** Opening Records for the exercise block **

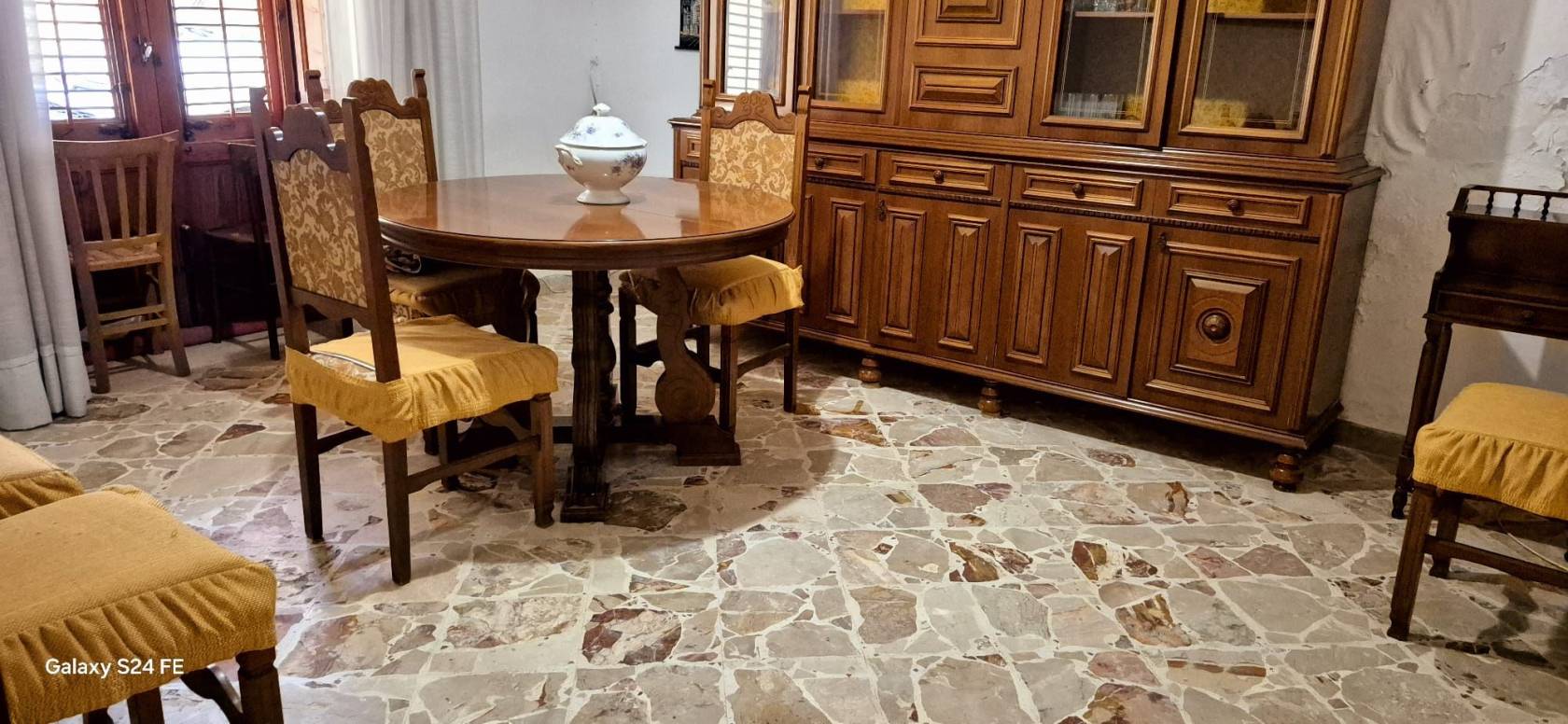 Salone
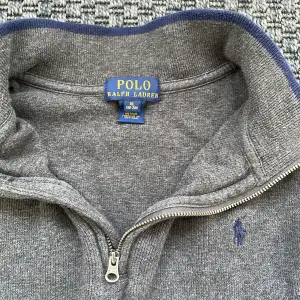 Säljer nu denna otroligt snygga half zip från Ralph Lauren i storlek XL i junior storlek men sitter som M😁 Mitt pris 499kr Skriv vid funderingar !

** Closing Records for the exercise block **
** Opening Records for the exercise block **

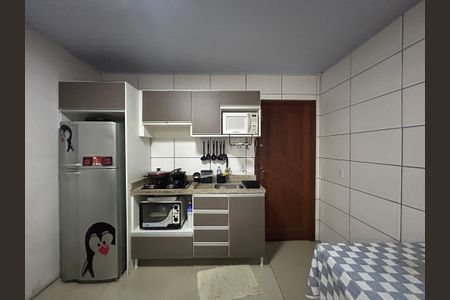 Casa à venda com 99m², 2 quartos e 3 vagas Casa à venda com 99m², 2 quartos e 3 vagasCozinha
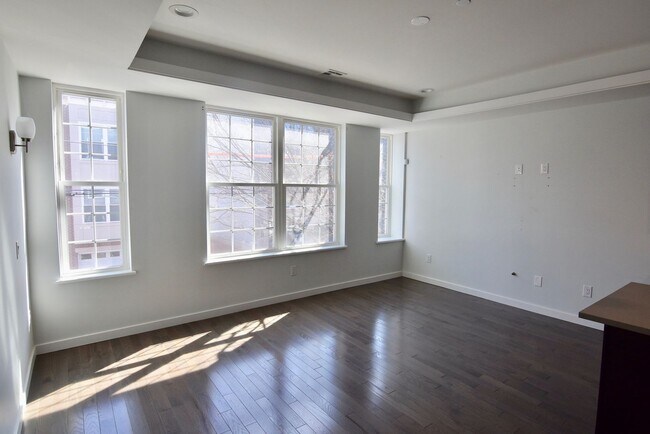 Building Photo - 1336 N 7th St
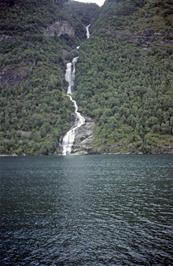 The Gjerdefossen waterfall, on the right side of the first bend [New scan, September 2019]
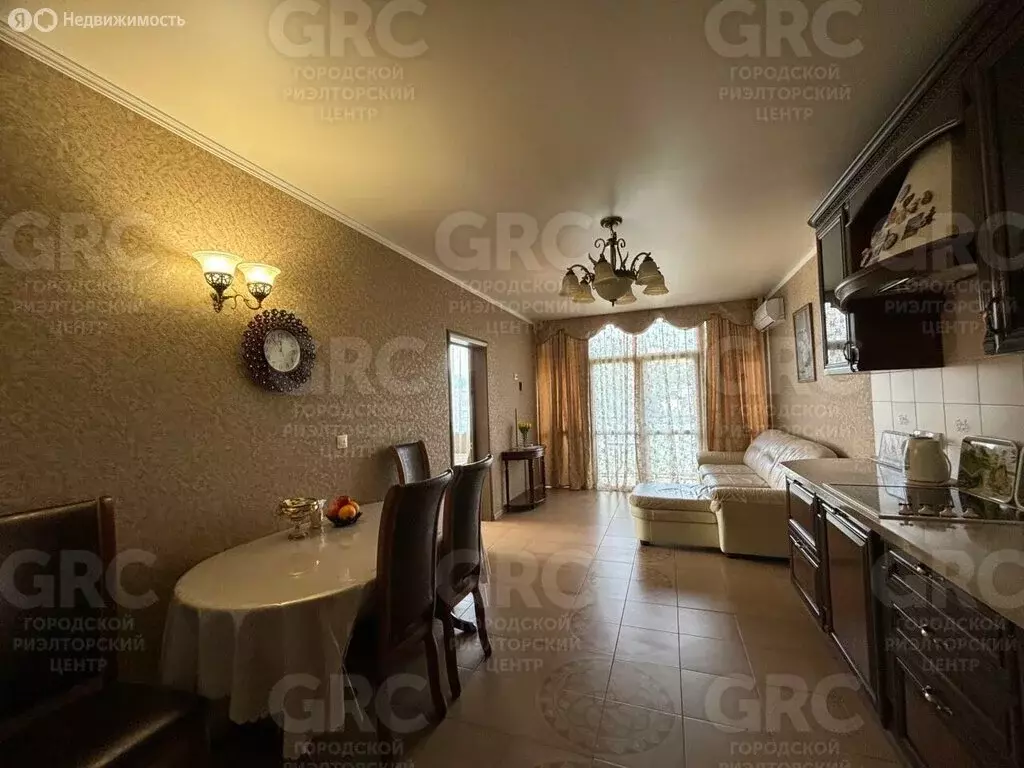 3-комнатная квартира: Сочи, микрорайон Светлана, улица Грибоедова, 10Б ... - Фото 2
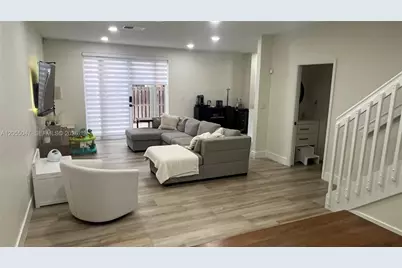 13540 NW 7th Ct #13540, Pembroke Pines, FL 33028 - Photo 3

** Closing Records for the exercise block **
** Opening Records for the exercise block **

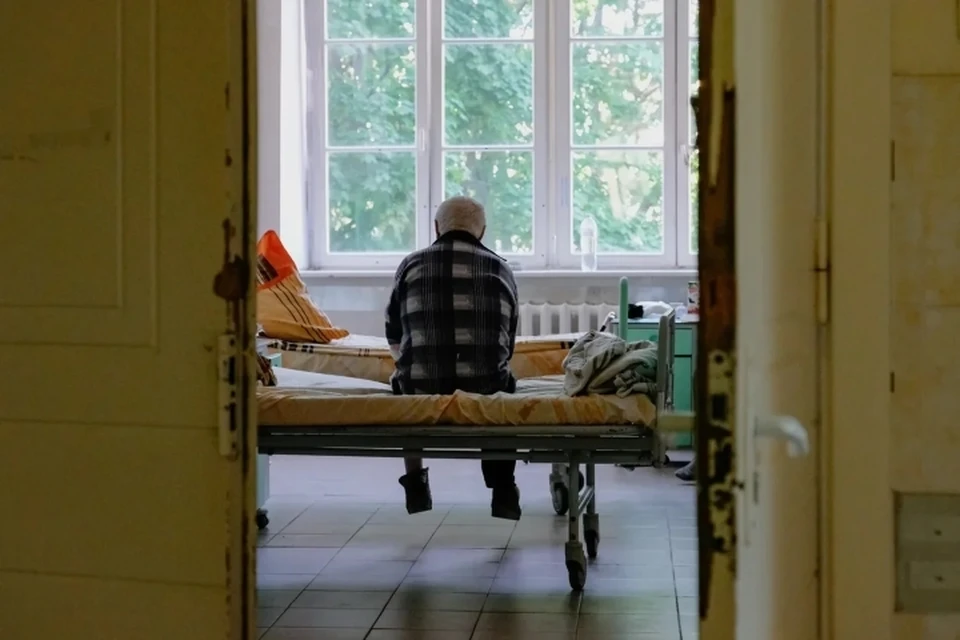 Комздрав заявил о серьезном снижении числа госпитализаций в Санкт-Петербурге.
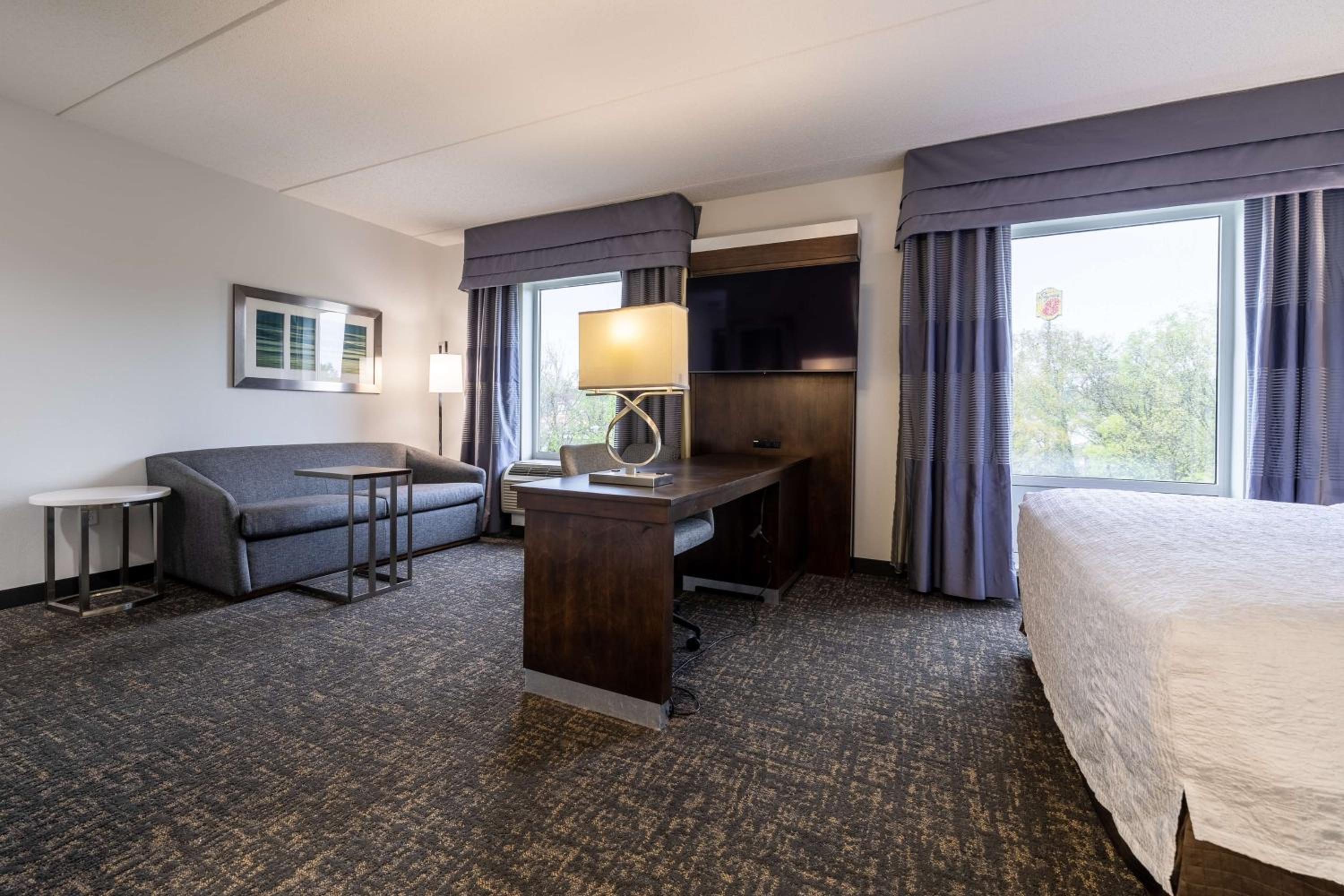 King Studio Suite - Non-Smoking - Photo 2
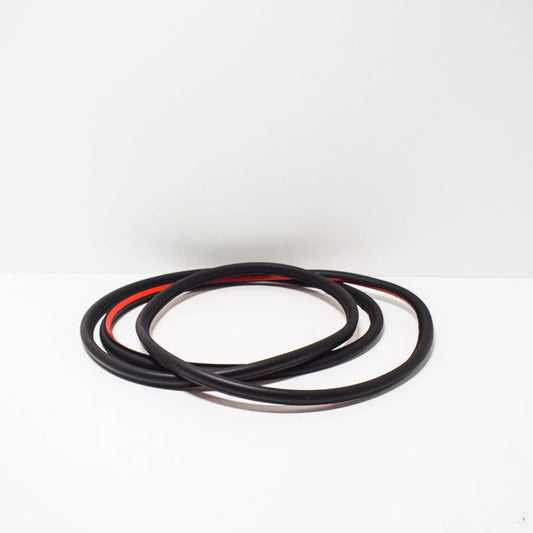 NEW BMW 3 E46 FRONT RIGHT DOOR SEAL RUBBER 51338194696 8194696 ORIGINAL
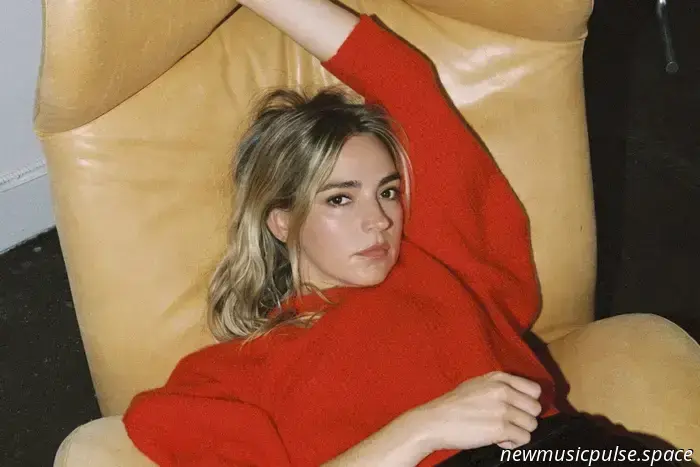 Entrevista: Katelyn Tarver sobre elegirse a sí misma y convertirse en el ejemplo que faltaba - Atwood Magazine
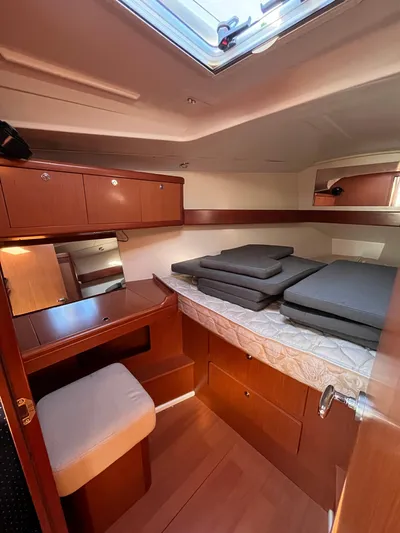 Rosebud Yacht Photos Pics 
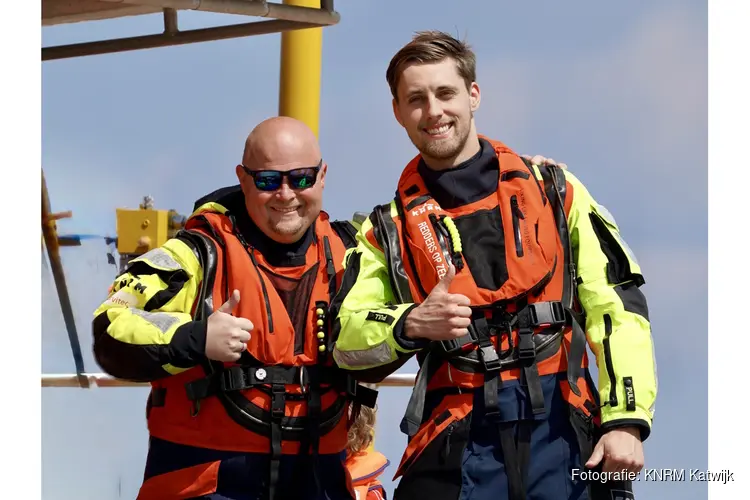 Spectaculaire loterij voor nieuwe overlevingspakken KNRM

** Closing Records for the exercise block **

> Required work: In the records above, everything from the line with "Casa à venda com 99m², 2 quartos e 3 vagas Casa" down to the line with "13540 NW 7th" must be duplicated exactly, both lines kept. Leave no pictures in.

> Answer to this exercise:
 Casa à venda com 99m², 2 quartos e 3 vagas Casa à venda com 99m², 2 quartos e 3 vagasCozinha
 Building Photo - 1336 N 7th St
 The Gjerdefossen waterfall, on the right side of the first bend [New scan, September 2019]
 3-комнатная квартира: Сочи, микрорайон Светлана, улица Грибоедова, 10Б ... - Фото 2
 13540 NW 7th Ct #13540, Pembroke Pines, FL 33028 - Photo 3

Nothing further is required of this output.